Una propuesta integral que busque reducir los riesgos de la compleja situación en que se desenvuelven los monocultivos de coca y amapola y los graves perjuicios ocasionados por la actual estrategia antinarcóticos demanda acciones de Estado, con voluntad política para crear legitimidad en un marco estratégico de construcción de modernidad y, por tanto, de democracia. Para lograrlo, el Estado debe buscar el fortalecimiento de la sociedad civil presente en esas áreas, lo que supone un replanteamiento de la actual estrategia, incluyendo el cese de la agresión con las fumigaciones aéreas, lo que a su vez presupone otro requisito: lograr el manejo autónomo de los problemas relacionados con el cultivo y la producción de materia prima para procesar psicoactivos.
Esta última condición exige cambios profundos en la institucionalidad colombiana, de modo que se garantice un liderazgo en los procesos de intervención del Estado sobre la base de un nuevo posicionamiento de la problemática rural en la búsqueda de la paz, la revalorización de lo ambiental en el manejo del conflicto, complementado con acciones que deben desarrollar las instituciones frente al problema del tráfico de drogas.
Sobre estos supuestos se debería partir con decisiones que recojan cinco puntos que guardan entre sí una clara interdependencia como base de una nueva política. Son:
1. La no aplicación de la política de erradicación forzosa –sea manual, mediante aspersión de químicos o de armas biológicas– y, a cambio, desarrollar acuerdos concertados con las comunidades en regiones y condiciones realistas y viables sobre erradicación manual.
2. Descriminalización de los pequeños productores y establecimiento de espacios de interlocución con sus organizaciones legítimas.
3. Alternativas de desarrollo con un proceso gradual de sustitución de cultivos ilícitos.

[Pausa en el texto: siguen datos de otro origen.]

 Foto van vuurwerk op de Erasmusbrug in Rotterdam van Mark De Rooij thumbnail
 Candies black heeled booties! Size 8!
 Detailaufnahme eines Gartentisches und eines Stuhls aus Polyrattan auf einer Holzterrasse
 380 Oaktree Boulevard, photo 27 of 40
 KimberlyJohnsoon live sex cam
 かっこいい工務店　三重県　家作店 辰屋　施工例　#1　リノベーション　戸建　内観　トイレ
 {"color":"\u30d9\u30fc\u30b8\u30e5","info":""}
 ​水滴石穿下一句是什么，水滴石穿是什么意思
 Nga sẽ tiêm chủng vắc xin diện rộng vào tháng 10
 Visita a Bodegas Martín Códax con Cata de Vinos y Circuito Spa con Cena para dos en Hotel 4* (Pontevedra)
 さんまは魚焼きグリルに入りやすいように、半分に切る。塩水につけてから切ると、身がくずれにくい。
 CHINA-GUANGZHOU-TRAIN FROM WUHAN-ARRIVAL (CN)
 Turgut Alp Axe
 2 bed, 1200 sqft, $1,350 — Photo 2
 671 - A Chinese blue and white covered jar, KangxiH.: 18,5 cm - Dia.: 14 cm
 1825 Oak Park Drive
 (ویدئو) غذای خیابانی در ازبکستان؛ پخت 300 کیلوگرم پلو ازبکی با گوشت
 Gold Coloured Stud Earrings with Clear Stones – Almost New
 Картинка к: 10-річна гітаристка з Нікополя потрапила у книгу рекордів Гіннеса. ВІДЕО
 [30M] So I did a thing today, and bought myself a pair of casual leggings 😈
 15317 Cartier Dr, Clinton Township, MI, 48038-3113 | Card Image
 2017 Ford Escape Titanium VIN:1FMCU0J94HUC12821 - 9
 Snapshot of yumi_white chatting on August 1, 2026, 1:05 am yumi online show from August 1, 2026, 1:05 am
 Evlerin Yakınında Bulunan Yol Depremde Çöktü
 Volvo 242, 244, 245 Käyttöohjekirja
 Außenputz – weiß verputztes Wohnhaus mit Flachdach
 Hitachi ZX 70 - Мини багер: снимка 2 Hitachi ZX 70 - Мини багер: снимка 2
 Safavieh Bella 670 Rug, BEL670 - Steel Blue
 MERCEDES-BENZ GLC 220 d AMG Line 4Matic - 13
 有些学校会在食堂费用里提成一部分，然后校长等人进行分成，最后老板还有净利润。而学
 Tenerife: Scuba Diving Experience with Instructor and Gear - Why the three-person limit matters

4. Participación de las comunidades en el nivel local y regional conjuntamente con el desarrollo de Programas de ordenamiento territorial y ambiental como criterio para focalizar los proyectos de sustitución.
5. Respeto y garantías plenas a los derechos humanos y al DIH, principalmente en las zonas productoras de ilícitos, situación agravada por la implementación de la guerra a las drogas y por la articulación de la economía ilegal al conflicto armado.